▶ [What is being asked] Go through the material and return every line that contains the string "Chicago".

*** Information shown Section Begins ***

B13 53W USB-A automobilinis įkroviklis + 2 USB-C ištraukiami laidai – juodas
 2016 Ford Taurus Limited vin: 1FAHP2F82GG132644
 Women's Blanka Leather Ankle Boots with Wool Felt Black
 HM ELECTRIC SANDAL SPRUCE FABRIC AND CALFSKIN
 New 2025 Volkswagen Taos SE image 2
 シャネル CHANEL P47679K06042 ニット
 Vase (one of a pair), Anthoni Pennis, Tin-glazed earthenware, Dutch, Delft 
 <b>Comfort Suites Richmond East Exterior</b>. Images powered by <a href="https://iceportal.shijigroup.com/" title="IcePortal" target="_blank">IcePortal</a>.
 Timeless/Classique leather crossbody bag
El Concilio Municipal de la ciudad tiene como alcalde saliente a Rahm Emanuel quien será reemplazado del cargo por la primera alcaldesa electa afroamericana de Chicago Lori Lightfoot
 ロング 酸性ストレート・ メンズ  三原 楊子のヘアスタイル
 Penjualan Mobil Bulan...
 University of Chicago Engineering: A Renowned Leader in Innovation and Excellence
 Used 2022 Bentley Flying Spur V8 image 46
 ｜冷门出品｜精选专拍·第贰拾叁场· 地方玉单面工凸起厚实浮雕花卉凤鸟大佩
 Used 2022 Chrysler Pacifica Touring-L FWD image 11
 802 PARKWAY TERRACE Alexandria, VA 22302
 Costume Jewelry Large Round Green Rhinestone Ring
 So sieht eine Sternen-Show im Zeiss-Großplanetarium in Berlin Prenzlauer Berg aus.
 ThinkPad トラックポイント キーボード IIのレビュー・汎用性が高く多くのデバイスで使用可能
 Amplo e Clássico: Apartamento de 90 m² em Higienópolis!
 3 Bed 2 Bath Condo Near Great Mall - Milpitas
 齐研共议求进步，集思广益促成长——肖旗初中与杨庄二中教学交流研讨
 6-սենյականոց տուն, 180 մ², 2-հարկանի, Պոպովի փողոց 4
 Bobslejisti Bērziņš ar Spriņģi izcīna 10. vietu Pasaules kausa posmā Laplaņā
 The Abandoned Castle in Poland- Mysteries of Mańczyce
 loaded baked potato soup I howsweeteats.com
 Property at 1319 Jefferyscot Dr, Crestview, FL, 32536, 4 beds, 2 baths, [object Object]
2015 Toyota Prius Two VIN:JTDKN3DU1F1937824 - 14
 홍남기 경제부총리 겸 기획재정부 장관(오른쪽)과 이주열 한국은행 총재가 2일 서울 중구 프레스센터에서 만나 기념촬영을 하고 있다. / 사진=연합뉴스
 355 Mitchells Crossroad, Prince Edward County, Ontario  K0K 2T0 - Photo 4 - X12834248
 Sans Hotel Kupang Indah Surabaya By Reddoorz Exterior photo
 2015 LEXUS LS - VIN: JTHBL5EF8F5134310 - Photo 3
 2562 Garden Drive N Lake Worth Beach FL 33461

*** Information shown Section Ends ***

▶ [Response]
El Concilio Municipal de la ciudad tiene como alcalde saliente a Rahm Emanuel quien será reemplazado del cargo por la primera alcaldesa electa afroamericana de Chicago Lori Lightfoot
 University of Chicago Engineering: A Renowned Leader in Innovation and Excellence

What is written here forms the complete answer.